== WORK REQUIRED ==
Write the listing out again word for word, skipping each picture.

== INPUT DATA ==
● ● ●

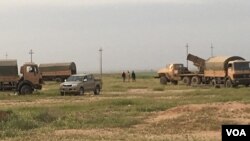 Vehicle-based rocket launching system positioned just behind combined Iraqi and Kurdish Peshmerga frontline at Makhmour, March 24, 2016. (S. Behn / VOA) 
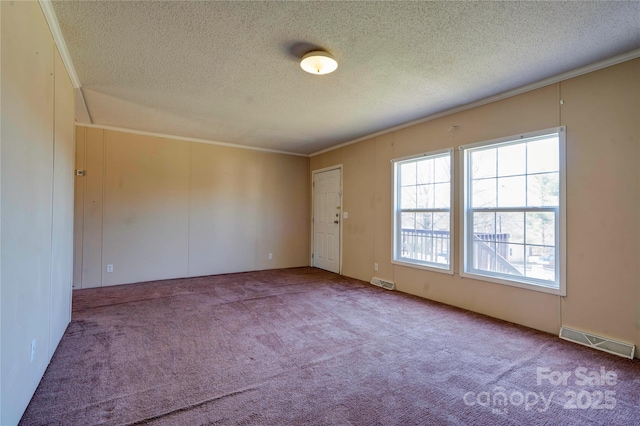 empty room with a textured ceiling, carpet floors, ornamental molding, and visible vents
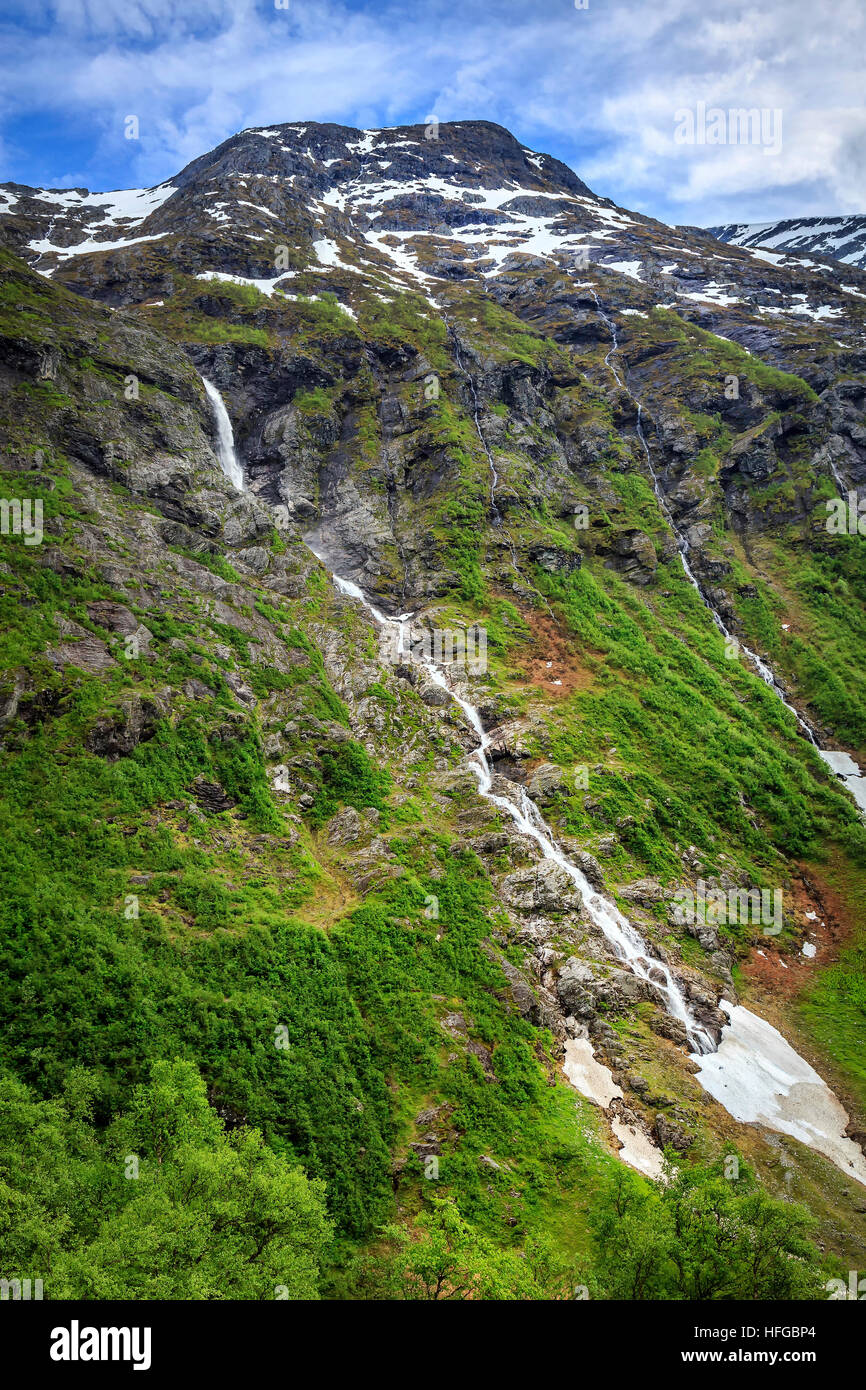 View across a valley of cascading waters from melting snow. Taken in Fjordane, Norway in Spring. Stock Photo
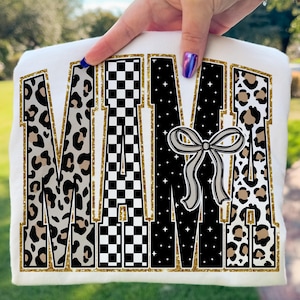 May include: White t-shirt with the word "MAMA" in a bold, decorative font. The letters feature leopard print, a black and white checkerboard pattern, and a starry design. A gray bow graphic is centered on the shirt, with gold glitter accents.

● ● ●

== WRITTEN REPLY ==
 Vehicle-based rocket launching system positioned just behind combined Iraqi and Kurdish Peshmerga frontline at Makhmour, March 24, 2016. (S. Behn / VOA) 
 empty room with a textured ceiling, carpet floors, ornamental molding, and visible vents
 View across a valley of cascading waters from melting snow. Taken in Fjordane, Norway in Spring. Stock Photo
 May include: White t-shirt with the word "MAMA" in a bold, decorative font. The letters feature leopard print, a black and white checkerboard pattern, and a starry design. A gray bow graphic is centered on the shirt, with gold glitter accents.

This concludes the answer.